La pandémie du COVID-19 l’a poussé à faire des jugements parfois sévères sur le système de santé. Le Covid a démasqué la précarité des systèmes de santé à travers le monde. Cela concerne aussi bien les pays riches que les autres. En Tunisie, les hôpitaux publics, délabrés depuis des décennies, manquant d’infrastructures et de matériel, se trouvent en première ligne pour affronter le Covid-19.

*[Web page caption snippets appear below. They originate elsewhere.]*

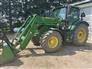 2018 John Deere 6110R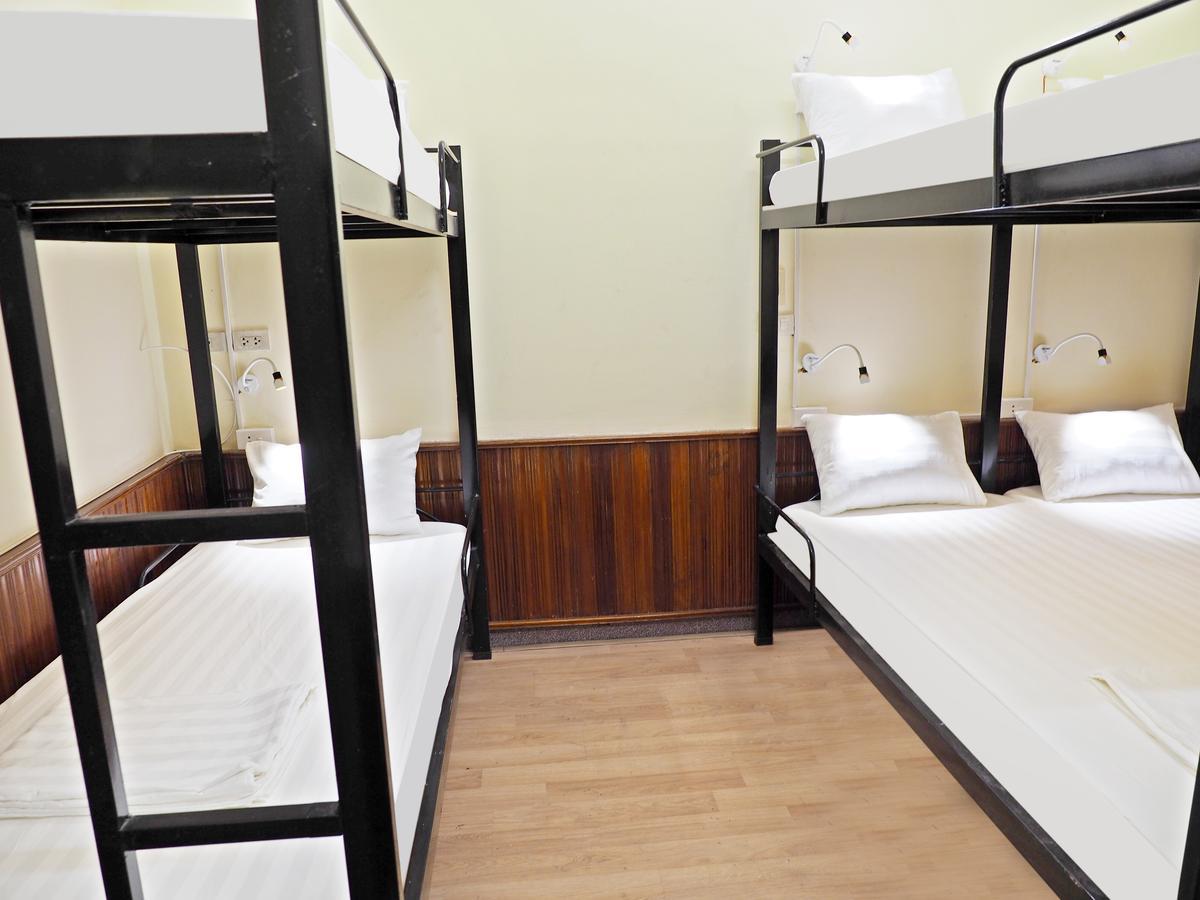 Hanoi Backpackers Hostel Exteriér fotografie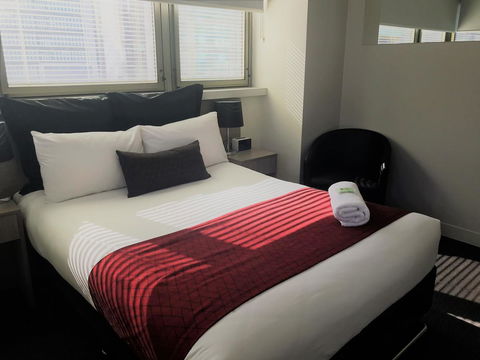 George Williams Hotel - Kingaroy Accommodation 12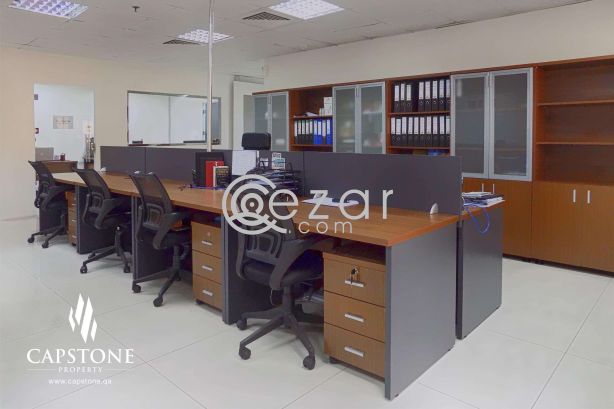 Spacious SF 5-Room Office Space in Najma photo %index%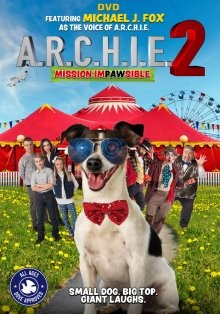 Арчи 2 / A.R.C.H.I.E. 2 (2018) смотреть онлайн бесплатно в отличном качестве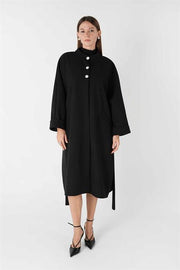 RS-9801 Üç Düğmeli Kaban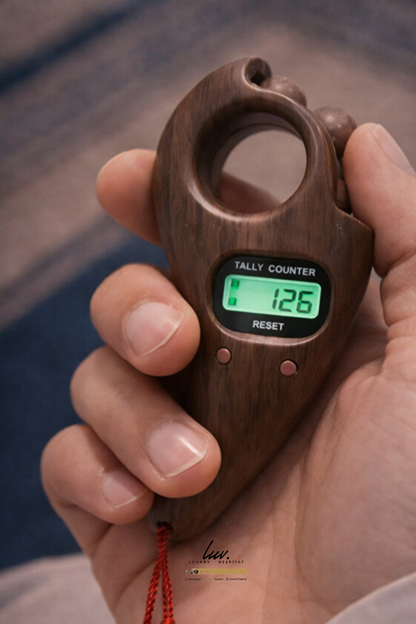 Luvary™-Yeni Nesil Zikirmatik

Elle pense que "malgré la grande expertise du corps médical, le manque de lits de réanimation, de matériel consommable indispensable, la nécessité de s’en procurer dans un monde qui ferme ses portes, tout cela altère la qualité des soins en cette période de crise".

Le grand changement intervenu le 25 juillet 2021, avec l’activation de l’article 81 de la Constitution et l’entrée en vigueur des mesures exceptionnelles, l’observe avec un œil critique.

"L’Etat Tunisien, soutient-elle, vacille : institutions publiques, structures d’enseignement, de soins, et autres… Tout cela se désagrège. Fragilisé, voire mis à terre par des années de mauvaise gestion, criblé de dettes, non protégé par ceux qui étaient censés le faire".

Malgré son optimisme à toute épreuve, pour Azza filali, le rideau ne semble pas pouvoir encore vouloir se lever.

Avec les soubresauts de mutations rapides et imprévisibles qui continuent de secouer aussi bien le pays que le monde, son dernier roman "Le rideau" publié en 2019, traduit un certain malaise qui habite l’auteure.

Pour Azza filali, le monde chavire : chaque jour des murailles s’élèvent, transformant les pays en contrées retranchées et hostiles.

A travers les trajectoires croisées de ses personnages, elle trace un portrait saisissant "d’une planète où les frontières font loi, où les pays se cadenassent, tandis que migrants et réfugiés, relégués derrière un invisible rideau, cheminent sur les bas-côtés de l’existence".